I'm guessing that some of you just don't want to fool around with this breaking point nonsence. You want a pack with a big margin of error that won't let you down. So, and it makes good sense to me, you go for the heavier fabrics?
What are your thoughts on this subject?Jun 13, 2011 at 3:34 am #1748465
David GoodyearBPL Member
Since I was in the design stage and had limited sewing skills, I opted for cost and function. $4 a yard pack cloth vs $20 a yard specialty fabrics. Many people have mixed fabrics to account for higher wear areas…I will also on my next pack. Hiking style and location are a big factor also. If you are going to be in a remote area or on a well travelled trail…can you afford a breakdown.
I can't call any of the gear that I have made ultralight, although they are lighter than the commercially available counterparts.
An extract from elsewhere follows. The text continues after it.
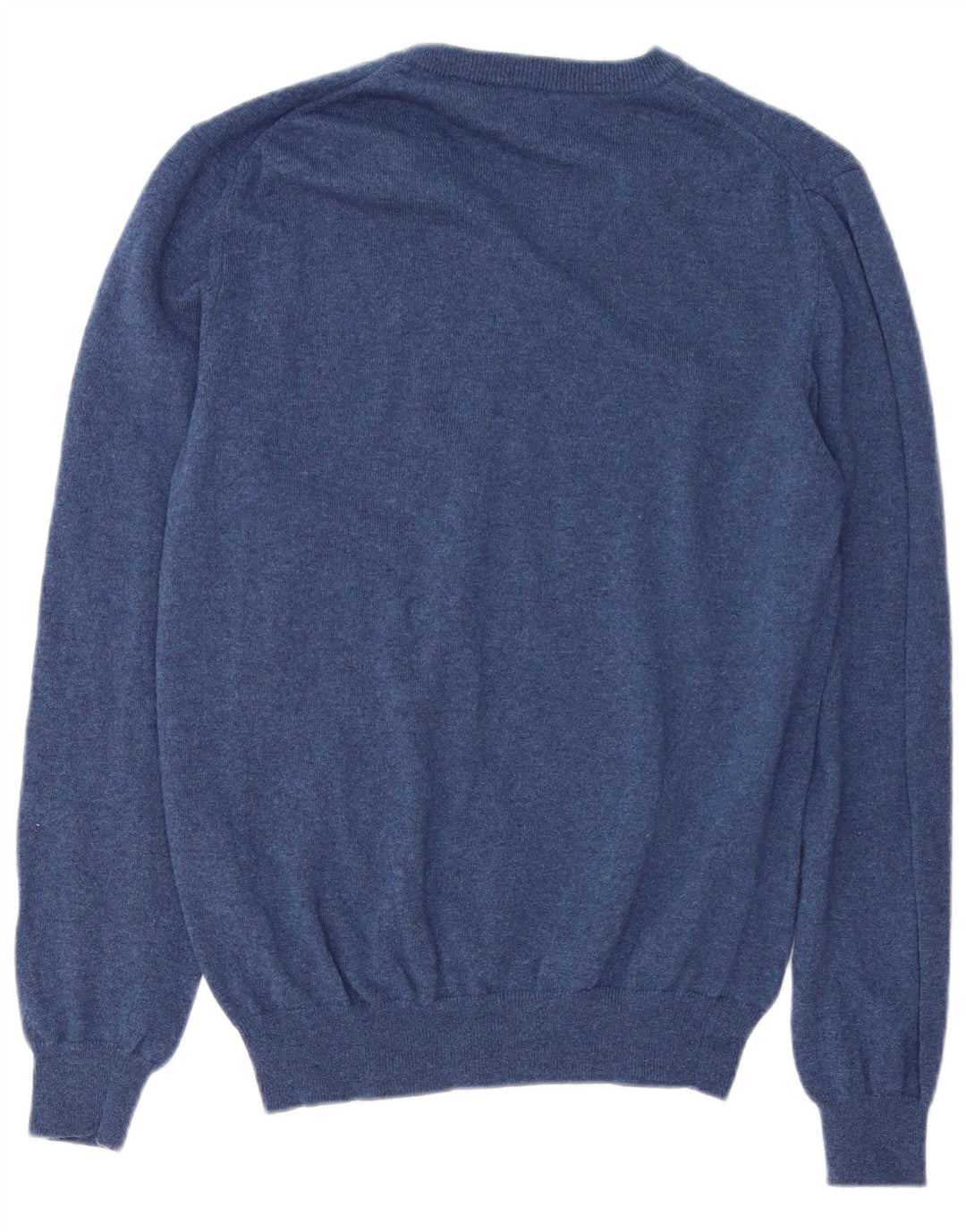 Suéter masculino Gant com decote em V grande lã azul marinho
I enjoy seeing all of the new pack innovations from members on this site.
DaveJun 13, 2011 at 11:26 pm #1748911
Sam FarringtonBPL Member
@scfhomeLocale: Chocorua NH, USA
My current pack is a 3# suspended mesh back panel MYOG 50L of spectra gridstop that weighs around 4 oz/yd with the coating. It has held up very well for years, so don't see the point of doing one with 5 oz Xpac. That is going in the wrong direction, weightwise, IMO.
Could cut the weight by at least half by going to either 1.5 oz cuben or sil-coated 1.9 oz nylon, and building a lighter frame out of carbon or FG rod to suspend a mesh back panel. Not sure that the cuben would be worth the greater cost, and being an old fuddy-duddy, the feel of nylon cloth appeals to me more if it is not that much heavier.
For those needing a bomb proof pack for trail work, climbing or whatever, the heavier Xpac probably makes sense. For backpacking trails, or off-trail in open country, the lighter pack will be fine, IMO, and contribute greatly to reducing overall weight.
For sake of comfort, I am willing to suffer the additional weight of a suspended mesh frame, but that is apart from the fabric issue raised by your thread.